**Your instructions:**
Each line holding the string "people" is to be copied from the data.

**Information:**
──────────────────────────────

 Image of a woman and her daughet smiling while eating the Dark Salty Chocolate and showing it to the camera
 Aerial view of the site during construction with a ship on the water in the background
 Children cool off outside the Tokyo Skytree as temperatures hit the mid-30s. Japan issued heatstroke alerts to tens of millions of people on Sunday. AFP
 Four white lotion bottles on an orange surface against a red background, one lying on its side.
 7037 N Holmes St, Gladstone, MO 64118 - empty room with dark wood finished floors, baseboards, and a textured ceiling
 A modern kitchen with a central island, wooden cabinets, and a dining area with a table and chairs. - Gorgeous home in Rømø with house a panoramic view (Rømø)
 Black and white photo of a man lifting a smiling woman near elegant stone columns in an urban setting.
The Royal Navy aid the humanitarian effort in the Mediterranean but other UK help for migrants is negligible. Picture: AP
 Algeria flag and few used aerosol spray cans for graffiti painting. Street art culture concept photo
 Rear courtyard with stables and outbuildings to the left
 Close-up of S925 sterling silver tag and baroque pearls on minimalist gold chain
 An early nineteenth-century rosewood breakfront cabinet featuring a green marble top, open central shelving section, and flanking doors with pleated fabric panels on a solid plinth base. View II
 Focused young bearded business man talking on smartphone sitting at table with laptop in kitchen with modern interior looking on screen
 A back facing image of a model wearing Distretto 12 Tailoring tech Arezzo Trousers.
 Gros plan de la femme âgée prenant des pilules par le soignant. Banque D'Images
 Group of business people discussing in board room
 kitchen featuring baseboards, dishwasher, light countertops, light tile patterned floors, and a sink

──────────────────────────────

**Task result:**
 Children cool off outside the Tokyo Skytree as temperatures hit the mid-30s. Japan issued heatstroke alerts to tens of millions of people on Sunday. AFP
 Group of business people discussing in board room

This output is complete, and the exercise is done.